Si alguna intención privatista había tenido el ministro, el duro nacionalismo predominante entre los jefes militares la inhibía por completo. Sí hubo, en cambio, una nacionalización de mucho bulto, pues habría entrañado el pago de un sobreprecio fraudulento para adquirir instalaciones obsoletas: las de la Compañía Ítalo Argentina de Electricidad, de la que justamente había sido director él, cuestión vidriosa de la que nunca pudo librarse del todo.
Por supuesto, dada la fuerte condena internacional contra el gobierno argentino, por las violaciones de los derechos humanos, y ante la virtual ruptura impulsada por la administración Carter, ninguna esperanza había de que se radicaran inversiones extranjeras. Tales actitudes redundaban, además, en un semiahogo comercial, por lo que la disponibilidad de divisas era crónicamente escasa.

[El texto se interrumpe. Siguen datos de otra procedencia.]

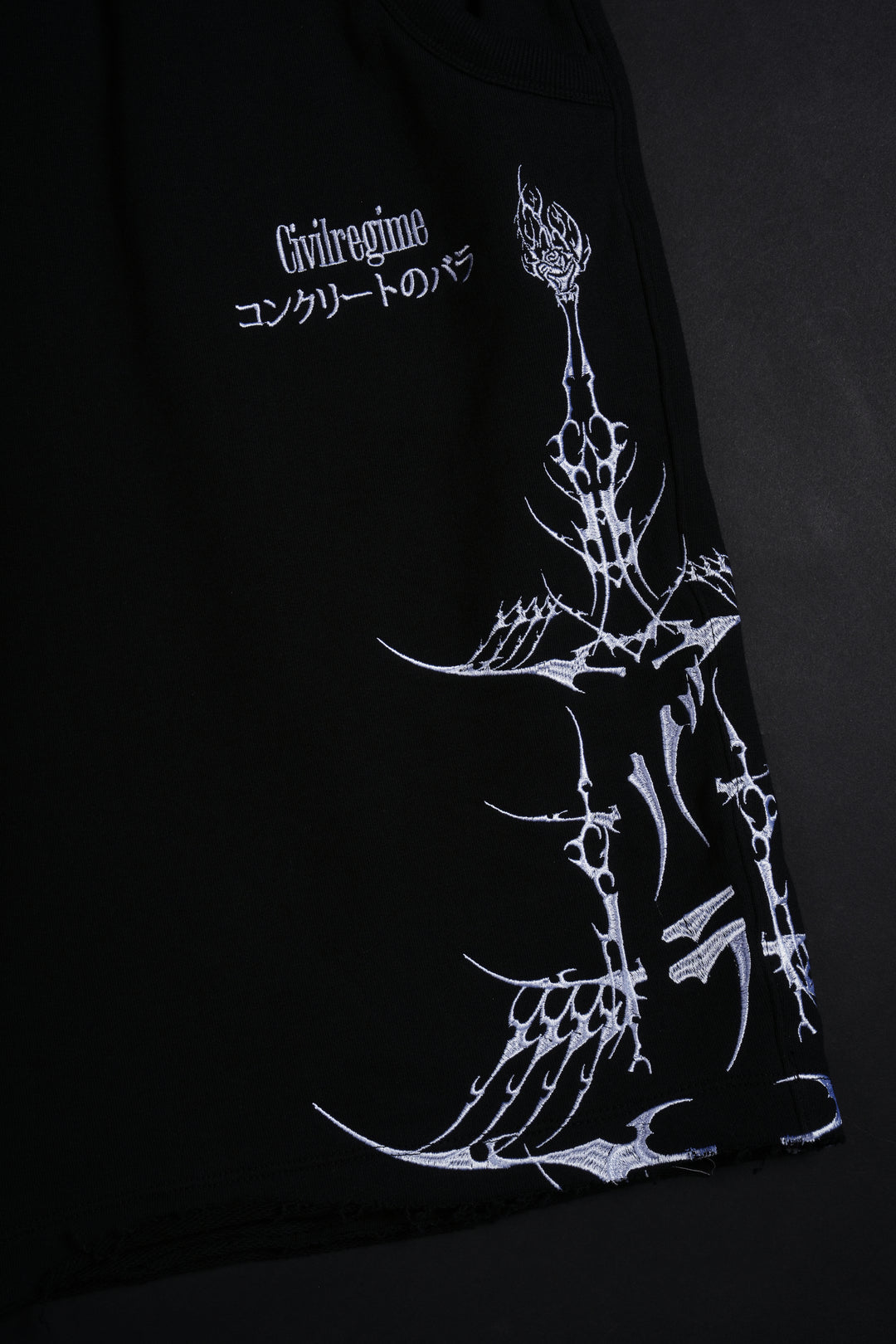 Bankai Brigade Beast Shorts in Black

Detrás estaba la espada de Damocles del servicio de los fondos obtenidos en el exterior y de la inflación. Para combatir a ésta, a comienzos de 1977 se dispuso congelar los precios durante 120 días; como era lógico, al cabo de esa tregua las alzas postergadas se produjeron todavía en mayor proporción. Se dio, entonces, un bandazo en la orientación y fueron eliminados los controles de precios, incluidos los de las monedas extranjeras. Con el proclamado objetivo de atraer inversiones, el 1° de junio Martínez de Hoz anunció medidas que equivalieron a la completa liberalización del mercado financiero, en el que las tasas de interés quedaban a merced de la oferta y la demanda, si bien el Banco Central asumía la garantía de los depósitos. A continuación se buscó un incremento de esas tasas, con obvios resultados recesivos dado el contexto especulativo imperante.

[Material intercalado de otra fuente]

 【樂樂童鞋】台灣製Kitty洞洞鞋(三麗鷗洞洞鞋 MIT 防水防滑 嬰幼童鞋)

El siguiente paso de esa andanza esotérica por los meandros de la indexación lo constituyó la famosa "tablita": en el convencimiento de que una porción importante del aumento de precios se debía a "factores psicológicos", se apeló a informar anticipadamente el porcentaje de devaluación que cada mes se dispondría para el peso en su relación con el dólar; sin embargo, los precios siguieron aumentando por arriba de ese porcentaje. Ya arrinconado, el ministro dispuso facilitar el ingreso de productos importados como forma de abaratar precios, otra iniciativa de funestos resultados. Todavía -y ya en su ocaso- Martínez de Hoz entró en conflicto con el sector bancario, al que le descubrió irregularidades en virtud de lo cual se dispusieron las clausuras del Banco de Intercambio Regional, del Banco de los Andes, del Banco Oddone y del Banco Internacional, lo que provocó pánico entre los operadores y la necesidad de utilizar divisas para compensar los fondos garantidos. Martínez de Hoz dejaría el gobierno en 1981.

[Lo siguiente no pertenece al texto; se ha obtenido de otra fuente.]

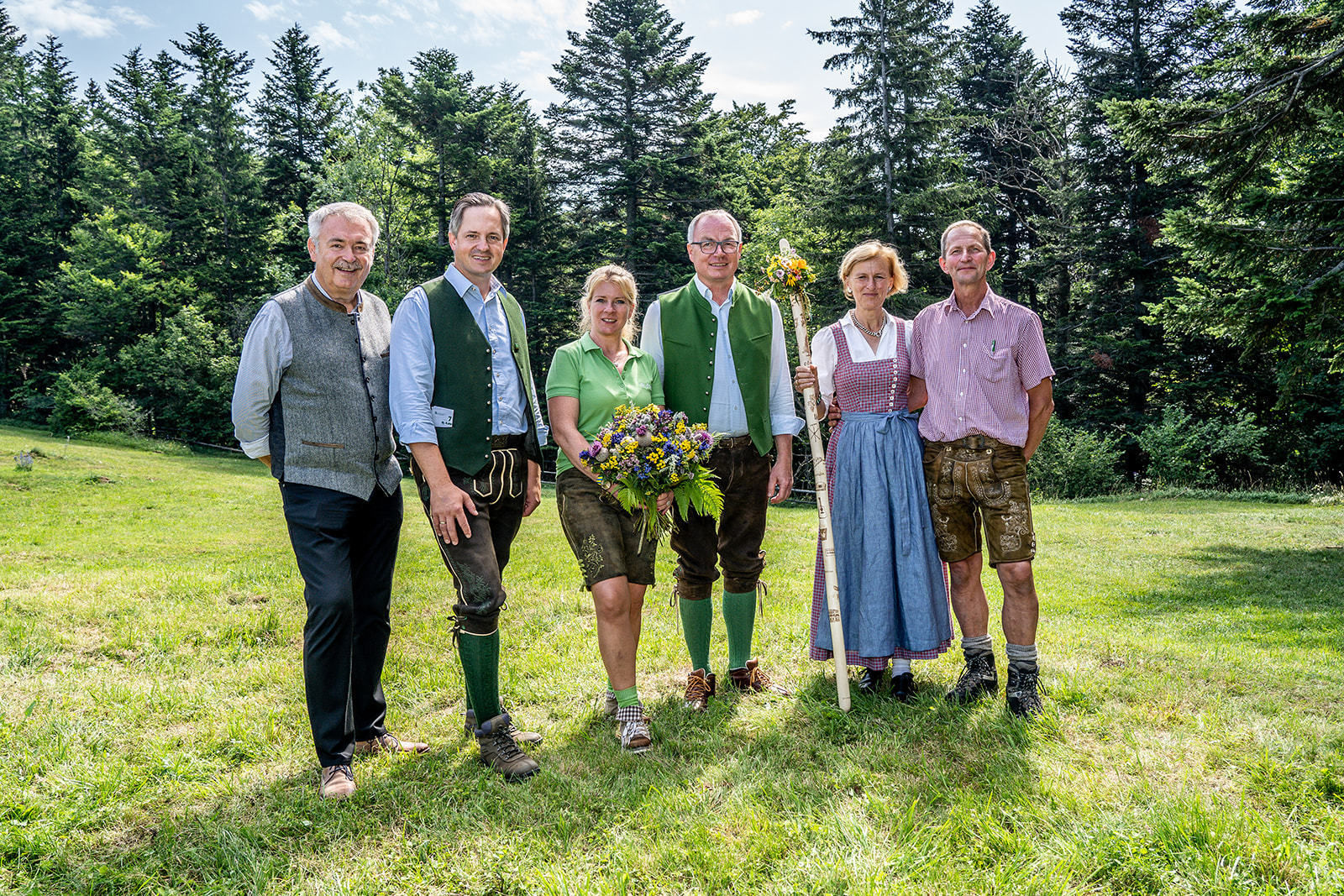 71. NÖ Almwandertag © Georg Pomassl/LK Niederösterreich 71. NÖ Almwandertag © Georg Pomassl/LK Niederösterreich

Encarcelado tras el retorno de la democracia por causas diversas, una cuestión en particular le produjo dificultades judiciales y fue la acusación de haber intervenido en el secuestro de los empresarios Federico y Miguel Ernesto Gutheim -padre e hijo, respectivamente-, víctimas de coerción para obligarlos a comprar productos chinos. En los años 90, Carlos Menem lo indultó. En los años siguientes continuó su actividad de empresario en el grupo financiero Rohm, Química Estrella y el Banco General de Negocios. Al final de su vida el caso Gutheim volvería a complicarlo y terminó sus días bajo arresto domiciliario.